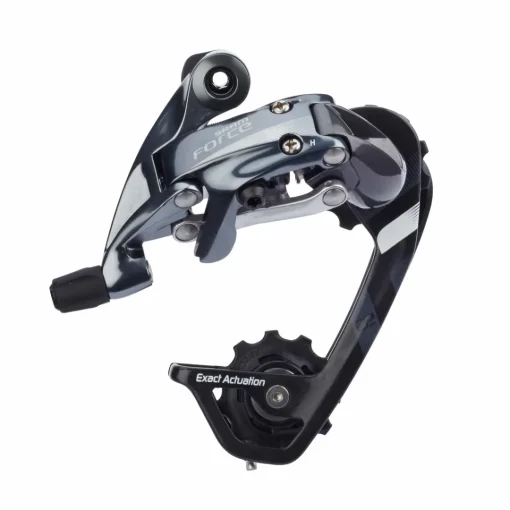 ROSE Bikes Force 22 WiFLi Rear Derailleur — Medium Cage —| Rear Derailleurs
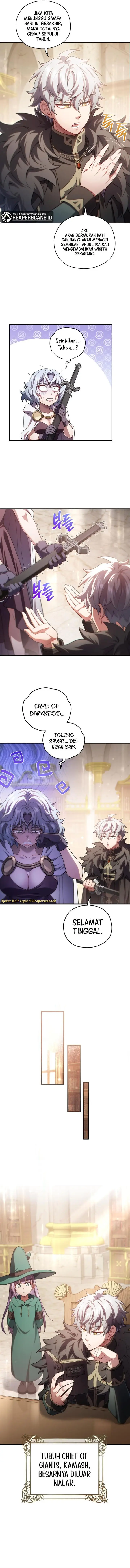image-komik-damn-reincarnation-chapter-45-5/15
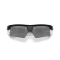 Oakley OO 9534 953410 Güneş Gözlüğü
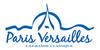 Illustration de Paris-Versailles Association
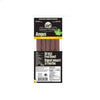 Grass Fed Beef Sticks Honey Garlic 5 pack 125g
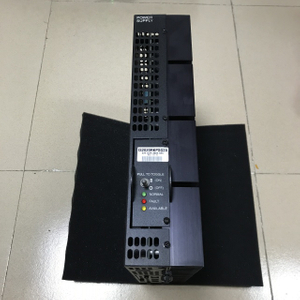 GE power module IS2020RKPSG2A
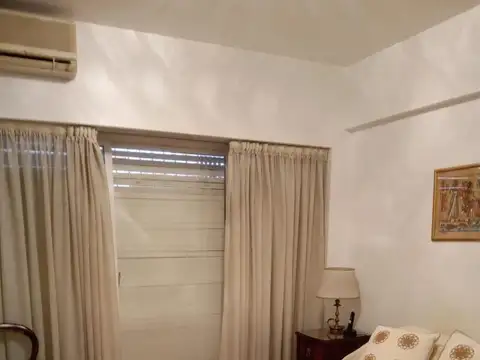 Departamento en Venta en Belgrano R, USD 260.000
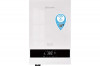 ����� ������������� Thermex Boss 12 Wi-Fii (�������������, �����) (511 704)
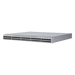 Switch Data Center / 48 Puertos SFP+ 1G/10G / 8 Puertos QSFP28 40G/100G / 2.56 Tbps / 1920 Mpps / Lossless Ethernet / Hot-Swap 1+1 | SIERRA STORE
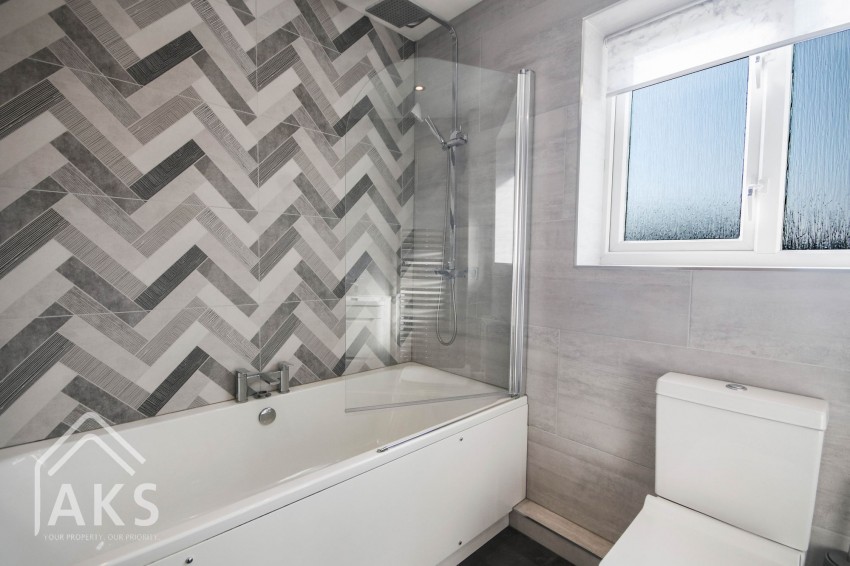 Images for Kings Mills Lane, Weston-On-Trent, DE72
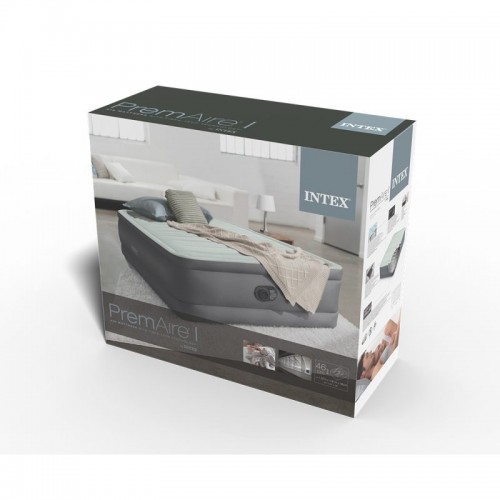 Матрас надувной Intex 64904ND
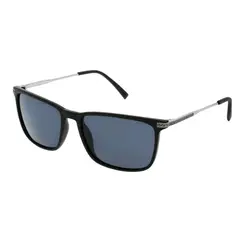 INVU - Lentes de Sol UV 400 Ultrapolarizados B2209
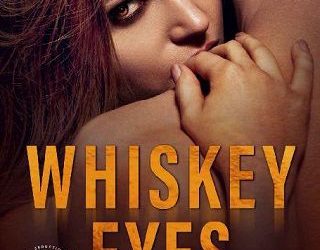 whiskey eyes natasha raulerson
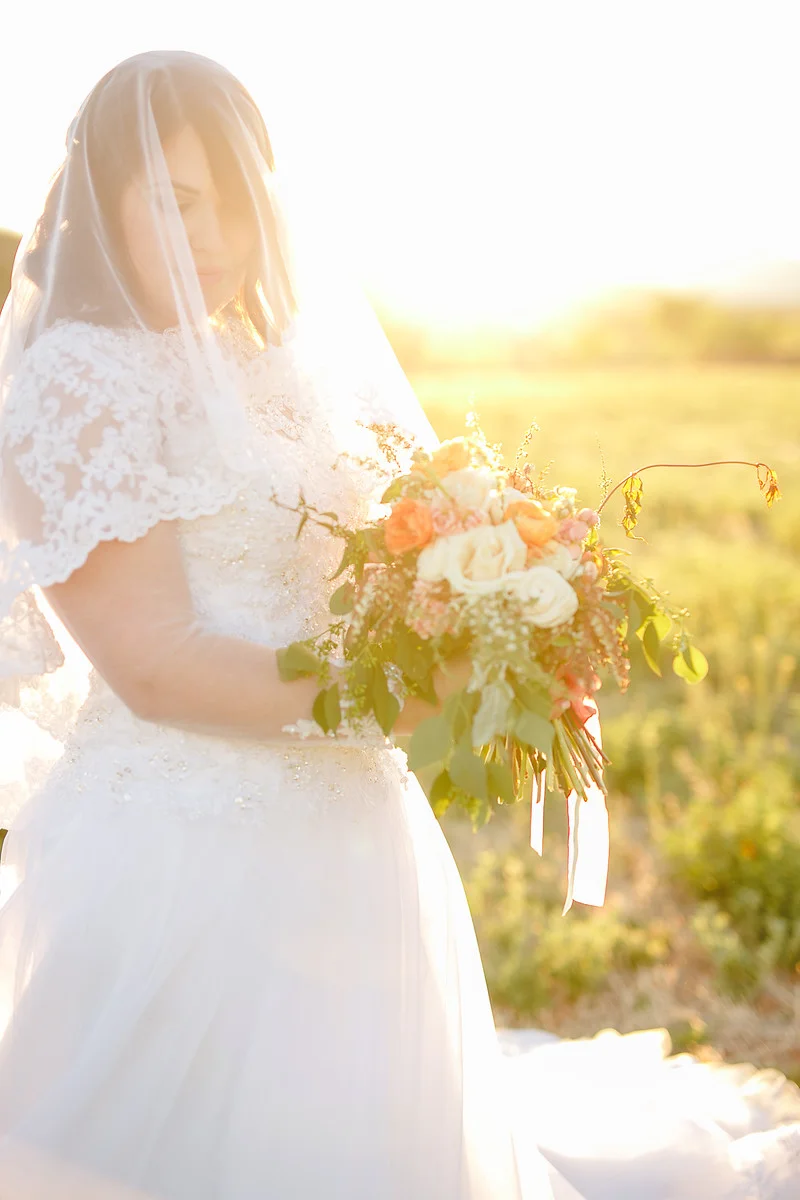 Bridals-471.jpg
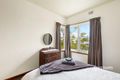 Property photo of 31 Olive Street Burnie TAS 7320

[What to produce] Your copy should hold only the lines running from the one that contains "whiskey eyes natasha raulerson" through the final line of the data; transcribe them exactly, both ends included, and leave pictures out.

[Exercise output]
 whiskey eyes natasha raulerson
 Bridals-471.jpg
 Property photo of 31 Olive Street Burnie TAS 7320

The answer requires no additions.